What to do: Leave out the images and output the records word for word.

Dataset records:
==*==
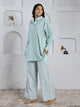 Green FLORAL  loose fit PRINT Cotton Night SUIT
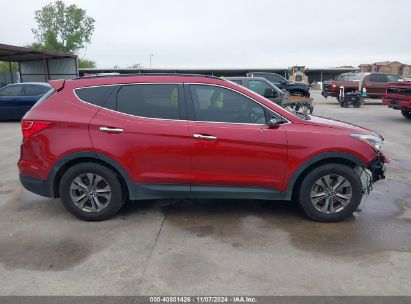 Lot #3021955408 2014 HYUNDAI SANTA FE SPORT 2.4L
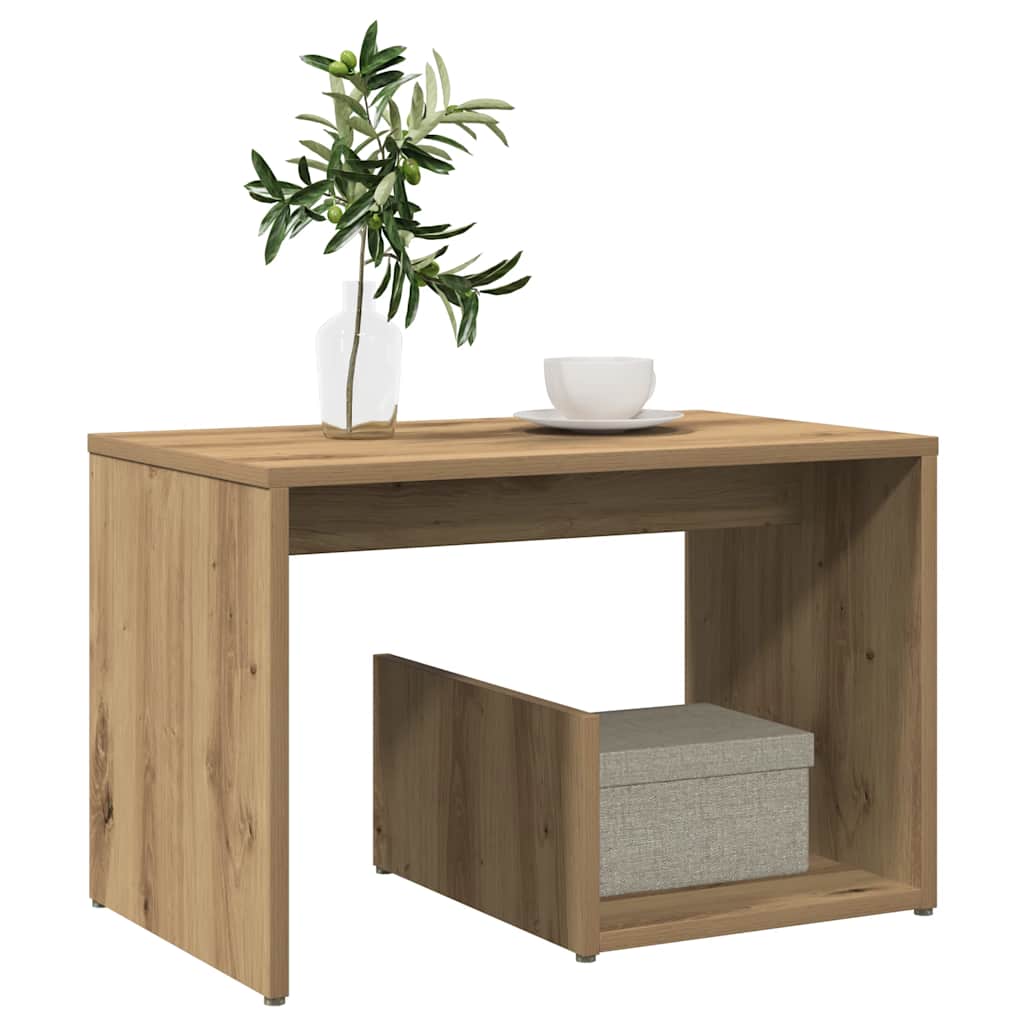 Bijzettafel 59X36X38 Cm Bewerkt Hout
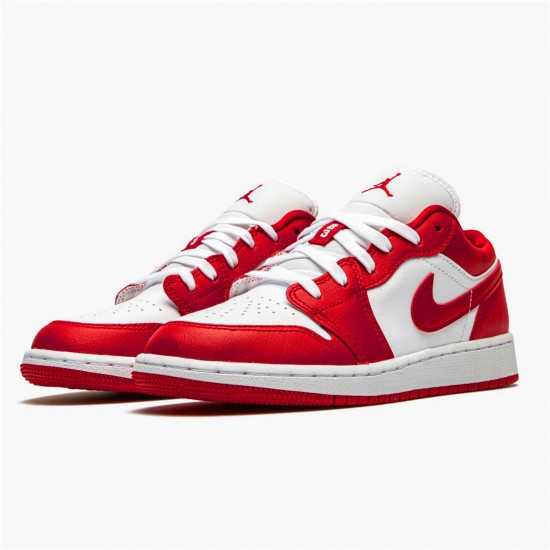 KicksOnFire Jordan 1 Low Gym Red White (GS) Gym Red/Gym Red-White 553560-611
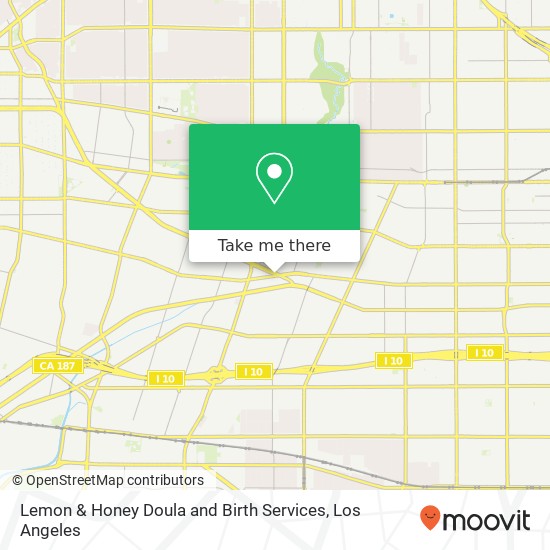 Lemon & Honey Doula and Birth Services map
==*==
Task result:
 Green FLORAL  loose fit PRINT Cotton Night SUIT
 Lot #3021955408 2014 HYUNDAI SANTA FE SPORT 2.4L
 Bijzettafel 59X36X38 Cm Bewerkt Hout
 KicksOnFire Jordan 1 Low Gym Red White (GS) Gym Red/Gym Red-White 553560-611
 Lemon & Honey Doula and Birth Services map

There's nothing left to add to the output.